Begin with the line below holding "Foto 8 de Apartamento" and go on through the line holding "akkedis-cottage-lounge", duplicating each line exactly and leaving out pictures.

- **Dataset excerpts**
↓

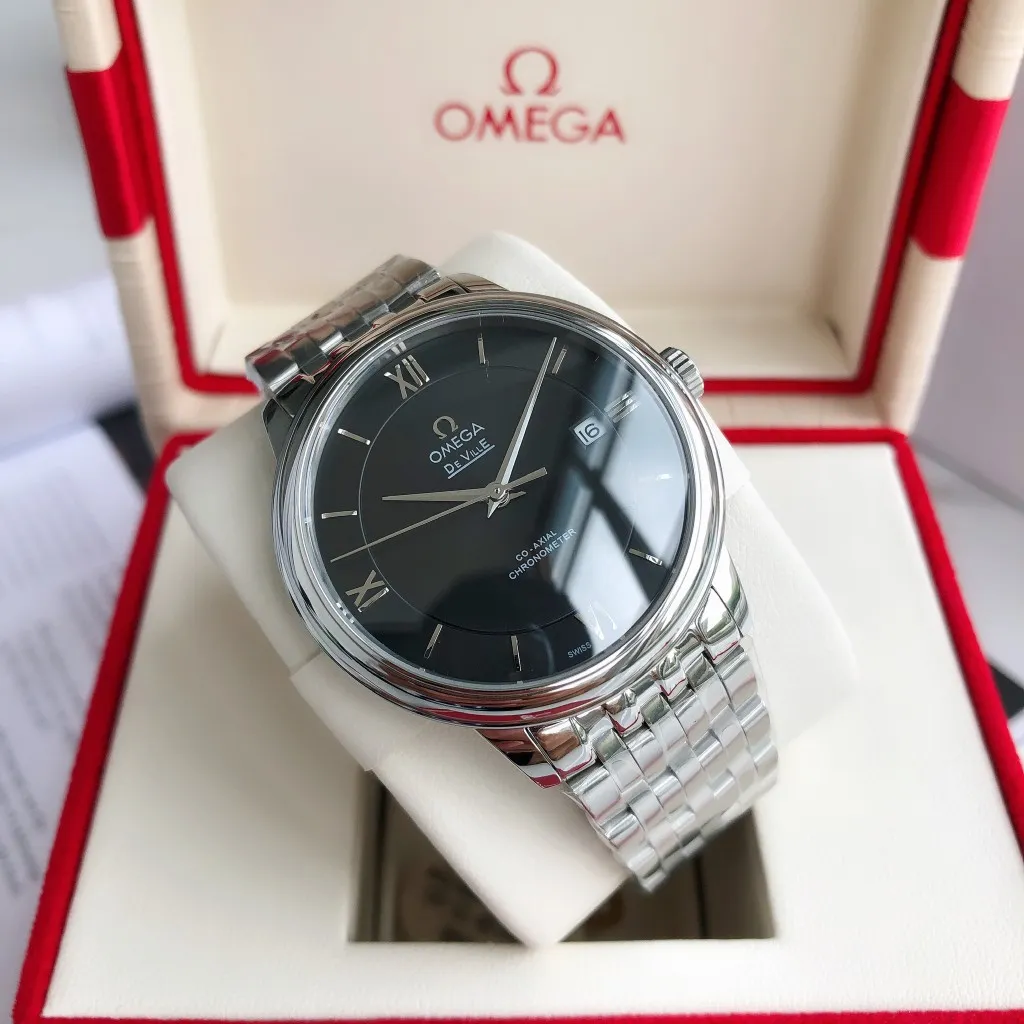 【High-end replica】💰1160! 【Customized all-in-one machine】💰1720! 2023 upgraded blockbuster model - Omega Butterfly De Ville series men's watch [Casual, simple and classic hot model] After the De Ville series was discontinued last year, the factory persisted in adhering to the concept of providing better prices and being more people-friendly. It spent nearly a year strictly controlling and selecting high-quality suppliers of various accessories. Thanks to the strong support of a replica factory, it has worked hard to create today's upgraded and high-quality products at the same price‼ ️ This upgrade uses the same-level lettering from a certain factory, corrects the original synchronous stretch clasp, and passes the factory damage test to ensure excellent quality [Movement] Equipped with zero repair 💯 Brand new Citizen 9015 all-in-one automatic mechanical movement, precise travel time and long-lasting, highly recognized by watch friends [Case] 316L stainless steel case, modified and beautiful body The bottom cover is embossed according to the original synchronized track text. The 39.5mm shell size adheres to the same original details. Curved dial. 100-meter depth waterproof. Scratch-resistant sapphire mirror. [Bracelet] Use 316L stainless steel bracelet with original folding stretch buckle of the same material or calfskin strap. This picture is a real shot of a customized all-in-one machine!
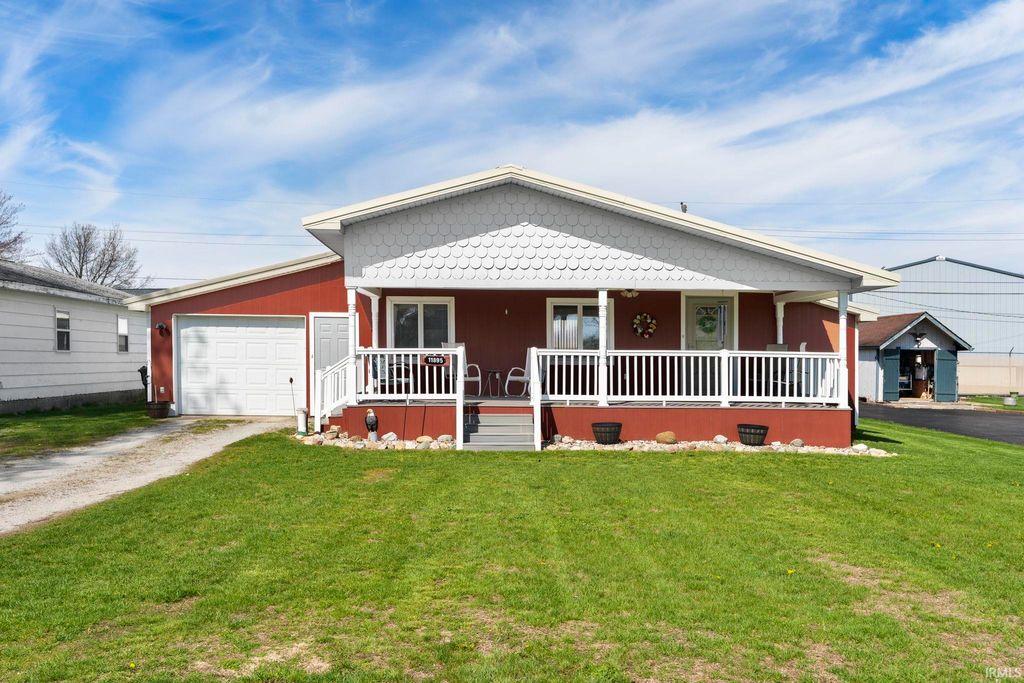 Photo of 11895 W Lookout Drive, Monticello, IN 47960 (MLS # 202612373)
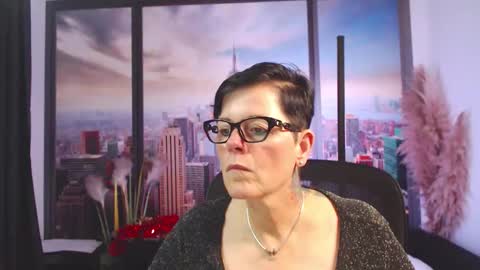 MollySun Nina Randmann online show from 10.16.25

↑
↓

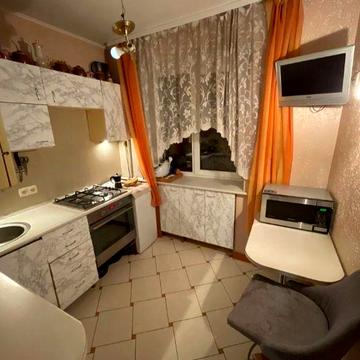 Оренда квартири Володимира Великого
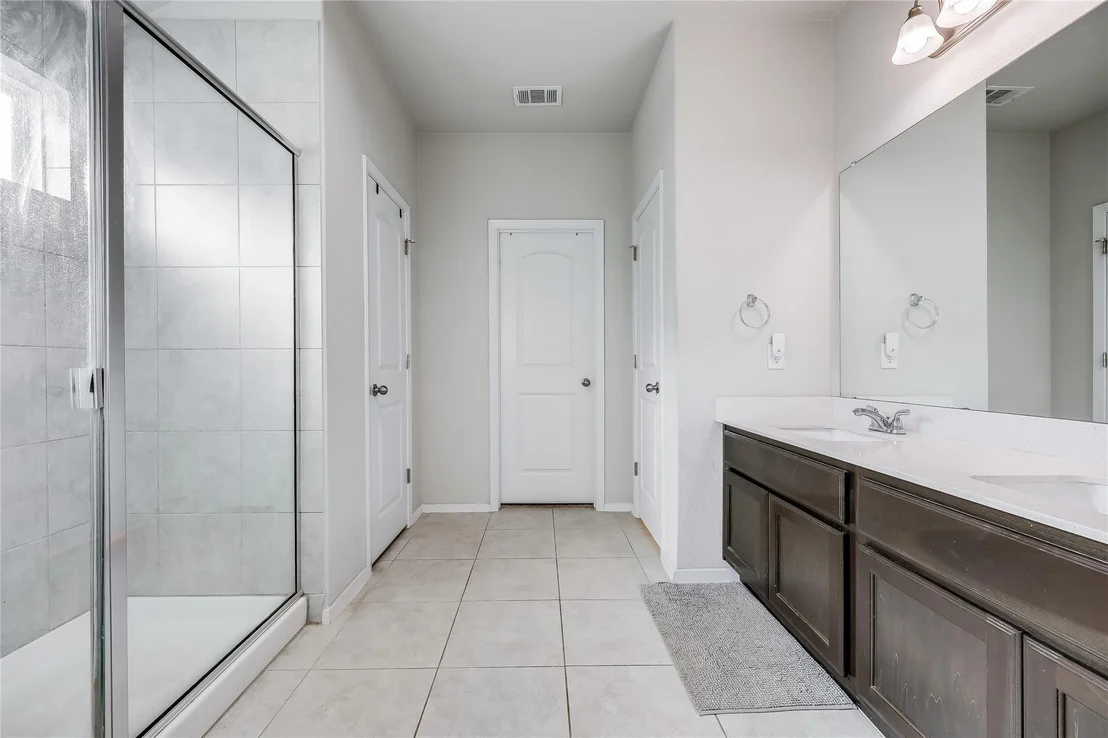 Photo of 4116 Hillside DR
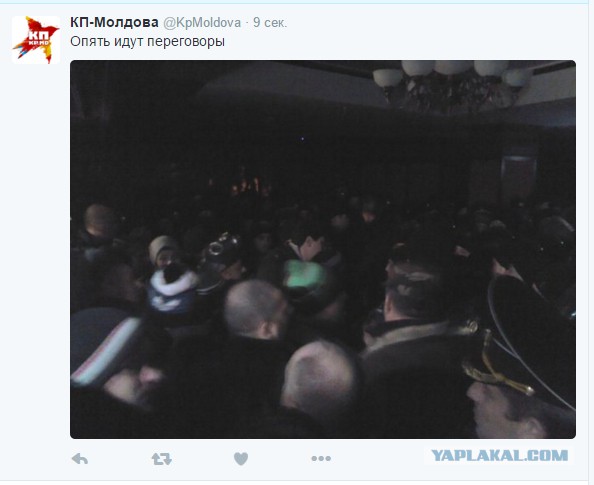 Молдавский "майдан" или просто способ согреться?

↑
↓

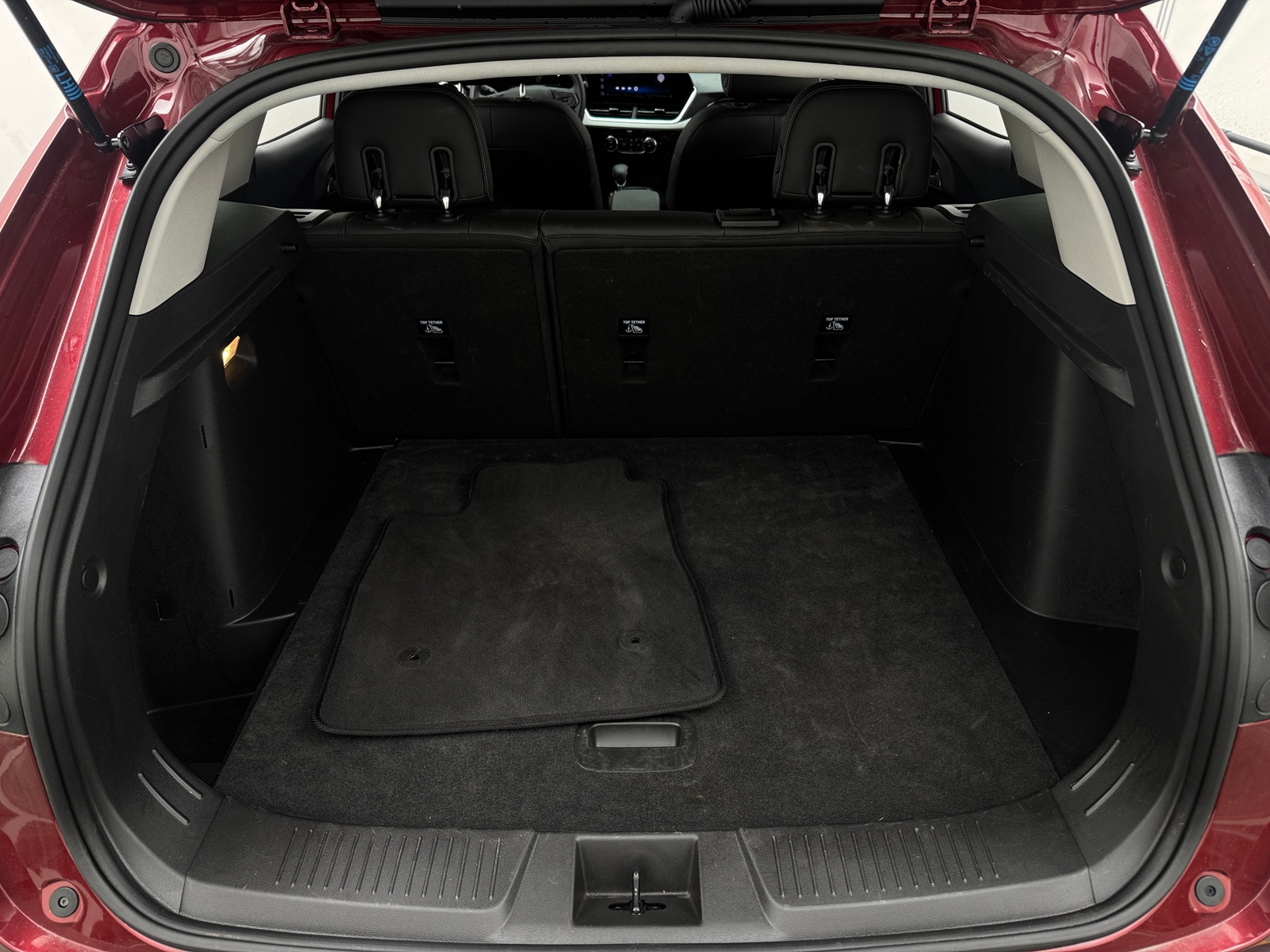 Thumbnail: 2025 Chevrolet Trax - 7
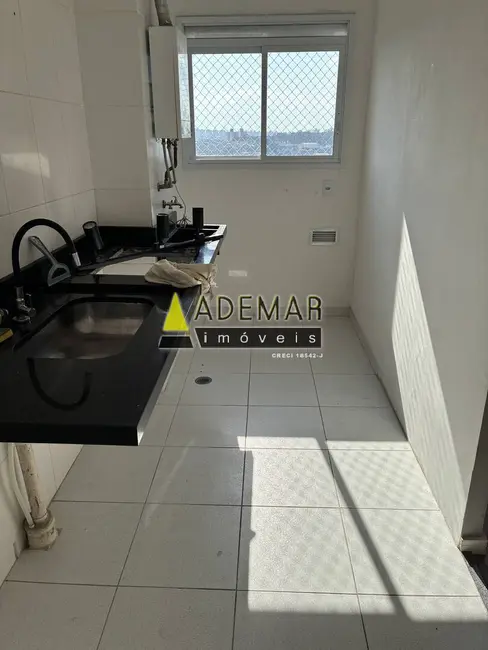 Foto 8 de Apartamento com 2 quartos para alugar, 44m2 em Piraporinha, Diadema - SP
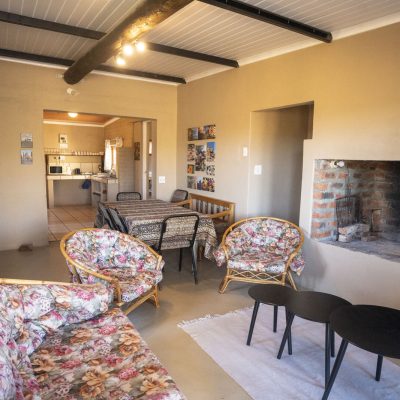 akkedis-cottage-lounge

↑

- **Exercise result**
 Foto 8 de Apartamento com 2 quartos para alugar, 44m2 em Piraporinha, Diadema - SP
 akkedis-cottage-lounge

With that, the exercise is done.